‘Rookie’ Hazen team competes in robotics comeptition at ShoWare Center in Kent

In the middle of the pits, a practice area allows the teams to finish fine tuning the 18-inch-by-18-inch robots, readying them to compete in Cascade Effect, this year’s challenge.

Inside Kent’s ShoWare Center, it’s a nerd’s paradise.

Hundreds of students gather around scores of tables, all loaded with machine parts for the robots built to take home the coveted Washington FIRST Tech Challenge (FTC) title.

In the middle of the pits, a practice area allows the teams to finish fine tuning the 18-inch-by-18-inch robots, readying them to compete in Cascade Effect, this year’s challenge.

Wendy Liang, an 18-year-old Hazen senior and co-founder of Hazen 9693 Team Scarab, explained the rules.

“Each squad consists of a group of seventh to 12th graders,” she said. “The field is 15-foot by 15-foot, split in half with red and blue sides.”

On each side, an alliance of three teams operate their robots in cooperation with the others.

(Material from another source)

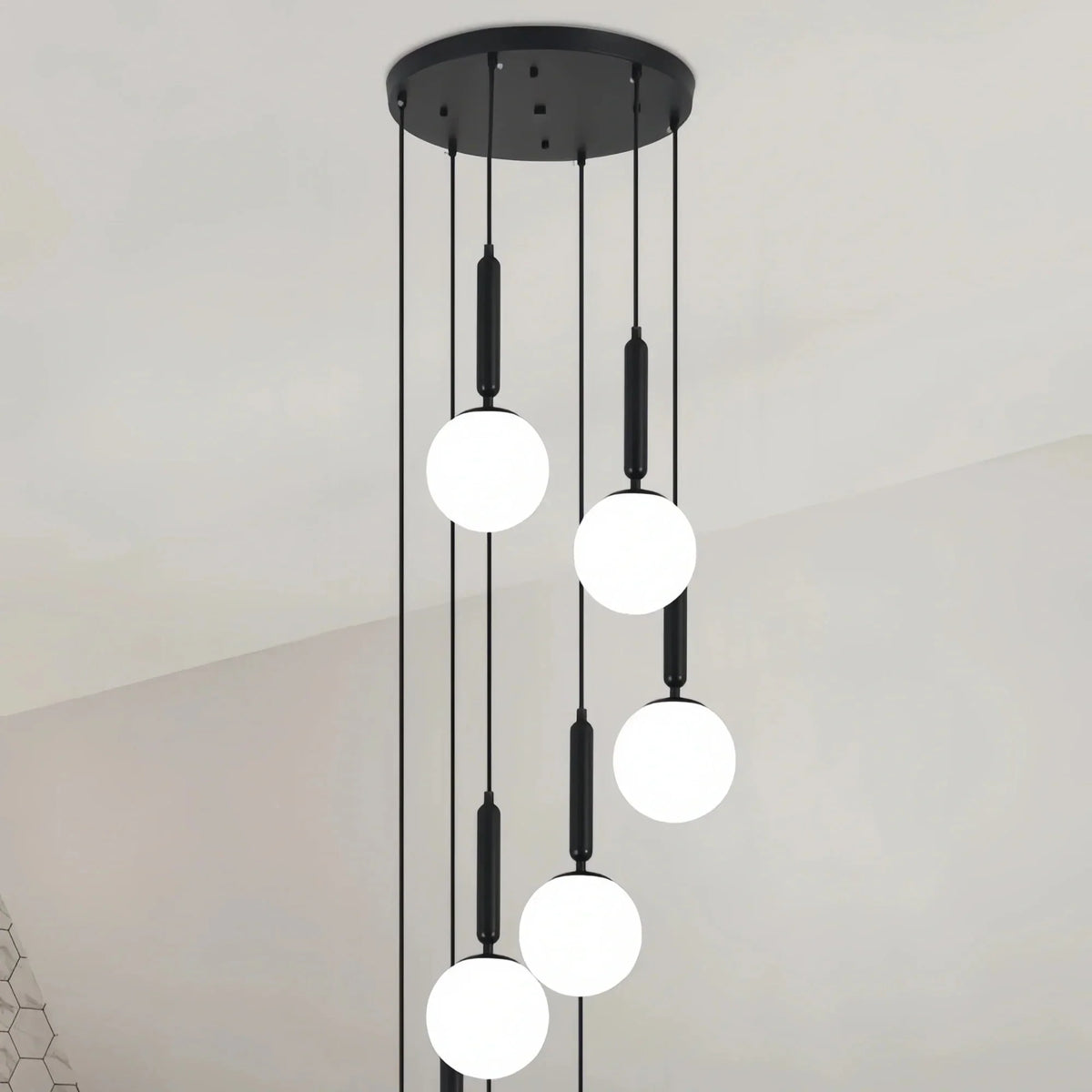 Nordic Extra Large Minimalist Long Pendant Light for High Ceiling Staircase - 12 Lights/ D25.6"*H98.4"BlackWarm Lightcasivra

“There are three parts,” Liang said. “The first is autonomous for 30 seconds; the robots do what they’re programmed to.”

After the autonomous section, the teams take control by remote, operating their robots as they try to scoop up two different sized balls and put them into three different sized plastic tubes.

“Points are scored on not how many balls you have, but how high the balls are in the tubes,” Liang said.

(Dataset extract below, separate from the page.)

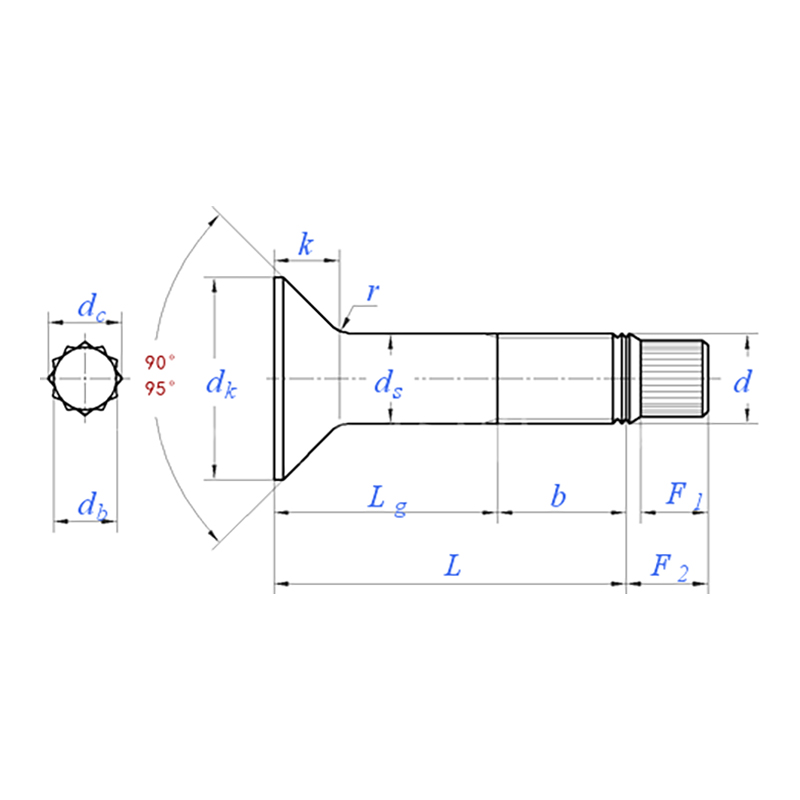 EN 14399-10 (CS Bolt):2018 High Strength Preload HRC System Tension Control Countersunk Head Bolt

The final 30-second section allows teams to score extra points by attempting to load balls into the center goal tubes, which are the highest in the field.

Also on hand at the competition is Auburn Mountainview’s Roarbotics Team 5953, headed by co-captains Jasper Lommen and Austin Kukay.

“FIRST is known as the sport for the mind, which is how the founder puts it,” Lommen said. “People can get together and build robots. There is a lot to it. There are business management skills, there are mechanical skills and there is a lot of teamwork skills you get.”

Lommen added that the robotics programs are currently the biggest program at Auburn Mountainview.

“It’s bigger than football, than basketball, than all that,” he said.

Auburn Mountainview has recently named the program an official sport at the school, hanging a banner in the gym alongside other more traditional sports.

At this past Saturday’s competition Roarbotics earned the Rockwell Collins Innovate Award and punched their ticket to the FTC West Super-Regional Championship, March 27-29 at the Oakland Convention Center in Oakland, Calif.

For Team Scarab from Hazen, the results weren’t as good, but that’s not why they here anyway.

“Our team just started this year, we’re a rookie team,” she said. “The last two years we were preparing for the competition with Labview and learning how to build with simple robots from the manual.”

“I do it because ever since I was really little I was interested in this STEM field in general,” she said. “In my sophomore year I took AP computer science, learned how to program and become very interested in computer programming.”

Liang said she hopes to build on the things learned with FIRST by majoring in mechanical engineering at the University of Washington.